母親を失って泣く女の子と、それを抱き締める男の子。
その光景をどこかで見た気がして、それが自分と真姫の姿そのものだと気付いて、武蔵はこの場で二人の子供になにを話せばいいのかわからなくなってしまった。
なお睨みつけてくるシュルタに対して、武蔵は気まずく視線を反らすしかできなかった。
だけど、それは武蔵だけで、パールはなおもう一歩前に進み出ていた。
「ねえ、嘘泣きは、もう止めない?」
泣きじゃくる女の子の心を見透かすように――そして事実見透かしているのだろう――パールは冷静な声音でそう告げた。
女の子すすり泣くような声は、それでぴたりと止んだのだ。
「わたし、そうやって、甘えようとするのは、嫌い。大っ嫌い」
なお続けるパールの遠慮のない言葉に、パティはわなわなと震える。それはもう先ほどまでの泣きじゃくるものとは違っていた。
そしてどういうことかわからないで呆けているシュルタの腕を振り解いて、パールの前に躍り出ると、
「あなたにパティのなにがわかるって言うの!?」
癇癪を起したように、パールに対して怒鳴っていた。
「パティのお母さん、死んじゃったんだよ!! もう帰ってこないの!! どこにもいないの!!
この悲しみが、あなたにわかる!?」
「わかる」
「わからないわよ!!」
「わかる! だって、わたしのお母さんも死んじゃったから!」
「―――――っ!!」
「――わたしもずっとそうだったから。お母さんが死んじゃって、悲しくて、悲しくて。だから、わたしには誰かに甘えてもいいんだって思ってた。
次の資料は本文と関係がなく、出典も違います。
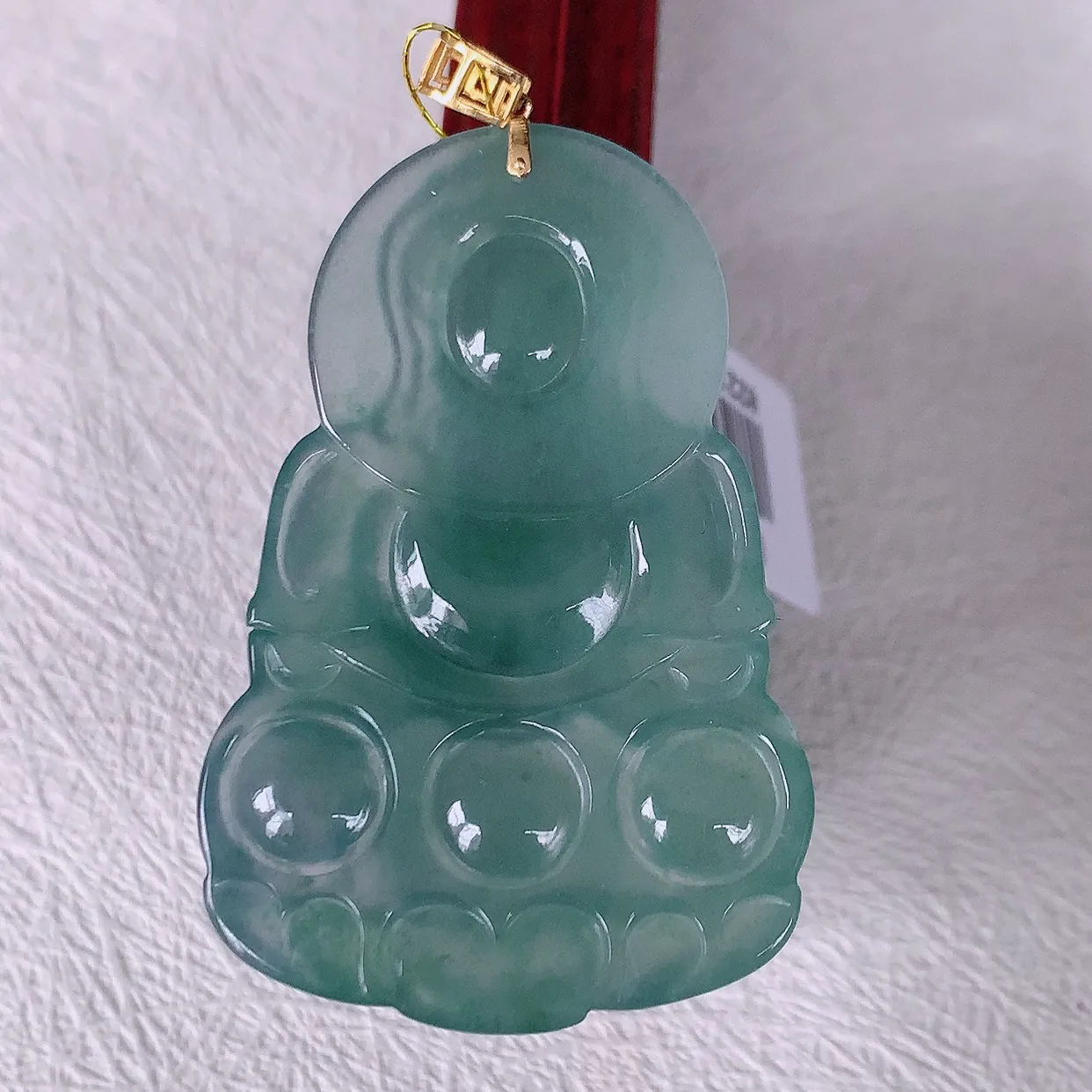 18K金镶嵌冰种满色翡翠观音菩萨吊坠，赐福翡翠观音，观音面相端庄，品相佳，佩戴气质！#35.19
それでお母さんが死んじゃったことに向き直らないのに、お母さんが死んじゃったことを利用して周りに甘えて――わたしにはその権利があるって、当たり前だと思ってた。だけど、そんなの失礼だよ。その男の子にも、死んだお母さんにも失礼だよ」
「……お母さんは……」
「うん。もういない。どこにもいないよ」
「そんなの……いやだぁ……」
「わたしも、嫌だよ。とっても嫌だ。
できればお母さんが死んじゃう前に戻って、なんとかしたいって思う」
「うん……うん……」
「だけど、そんなことできないから。
だから、やっぱり悲しいけど、お母さんのこと好きだったから、お母さんのこと利用しないで、生きようって思う」
「うん……お母さん……」
気付けば、パールはパティを抱き締めて泣いていた。パティも今までのものとは違う涙を浮かべていた。
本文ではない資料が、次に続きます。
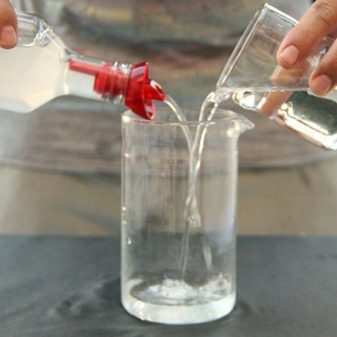 Как отмыть шпаклевку с линолеума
シュルタはただ茫然とその光景を見つめていた。どこか置き去りにされてしまったと感じて、不安そうな色もそこには伺えた。
そして――武蔵もまた、シュルタと同じ顔をしているのではないかと思った。
――サティ、お前の気持ち、パールにちゃんと伝わってるよ。それに比べて――
サティが死んだ時。武蔵自身もあの場に立ち合っていたにも関わらず、サティがパールに伝えようとしていたことを、武蔵は今更気付いた。そして心の奥底に不安の影が過るのを感じていた。
――俺は、もしかしたら、真姫に、間違ったことをしてたんじゃないのか?
そんな不安を振り払うように首を振る。そして再び真姫に会って話をしようと、改めて心に決める。
それでも心の奥底に生まれたしこりのような感覚はいつまでも残り続けるのだった。